» Data for analysis
^^^^^^^^^^^^^^^^
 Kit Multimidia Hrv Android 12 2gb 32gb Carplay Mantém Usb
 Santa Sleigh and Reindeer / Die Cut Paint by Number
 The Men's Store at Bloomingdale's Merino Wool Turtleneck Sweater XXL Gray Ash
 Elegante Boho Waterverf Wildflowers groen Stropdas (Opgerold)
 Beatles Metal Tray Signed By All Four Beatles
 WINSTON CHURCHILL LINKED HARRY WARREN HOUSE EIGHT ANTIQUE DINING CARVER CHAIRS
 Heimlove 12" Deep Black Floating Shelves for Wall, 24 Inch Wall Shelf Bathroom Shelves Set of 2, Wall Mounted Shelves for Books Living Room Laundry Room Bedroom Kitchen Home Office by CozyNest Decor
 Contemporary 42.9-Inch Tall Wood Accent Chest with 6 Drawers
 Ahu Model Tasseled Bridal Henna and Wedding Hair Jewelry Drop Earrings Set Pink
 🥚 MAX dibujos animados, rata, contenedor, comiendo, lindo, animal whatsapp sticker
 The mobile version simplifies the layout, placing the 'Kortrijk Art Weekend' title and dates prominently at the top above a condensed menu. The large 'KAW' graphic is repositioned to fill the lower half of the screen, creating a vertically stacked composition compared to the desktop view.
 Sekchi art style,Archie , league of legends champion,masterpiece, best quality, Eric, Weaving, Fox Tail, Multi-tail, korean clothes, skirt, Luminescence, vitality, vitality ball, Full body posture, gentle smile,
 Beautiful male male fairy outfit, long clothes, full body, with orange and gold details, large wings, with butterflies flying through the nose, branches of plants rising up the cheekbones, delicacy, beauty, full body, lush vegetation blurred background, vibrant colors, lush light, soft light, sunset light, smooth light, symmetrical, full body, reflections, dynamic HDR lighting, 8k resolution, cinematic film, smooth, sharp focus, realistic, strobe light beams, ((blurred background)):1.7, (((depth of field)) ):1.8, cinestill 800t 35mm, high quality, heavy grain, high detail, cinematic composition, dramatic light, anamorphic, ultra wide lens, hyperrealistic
^^^^^^^^^^^^^^^^
» Problem to work on
Which lines of the entries above contain the string "Inch"? Copy each one.

» Finished exercise
 Heimlove 12" Deep Black Floating Shelves for Wall, 24 Inch Wall Shelf Bathroom Shelves Set of 2, Wall Mounted Shelves for Books Living Room Laundry Room Bedroom Kitchen Home Office by CozyNest Decor
 Contemporary 42.9-Inch Tall Wood Accent Chest with 6 Drawers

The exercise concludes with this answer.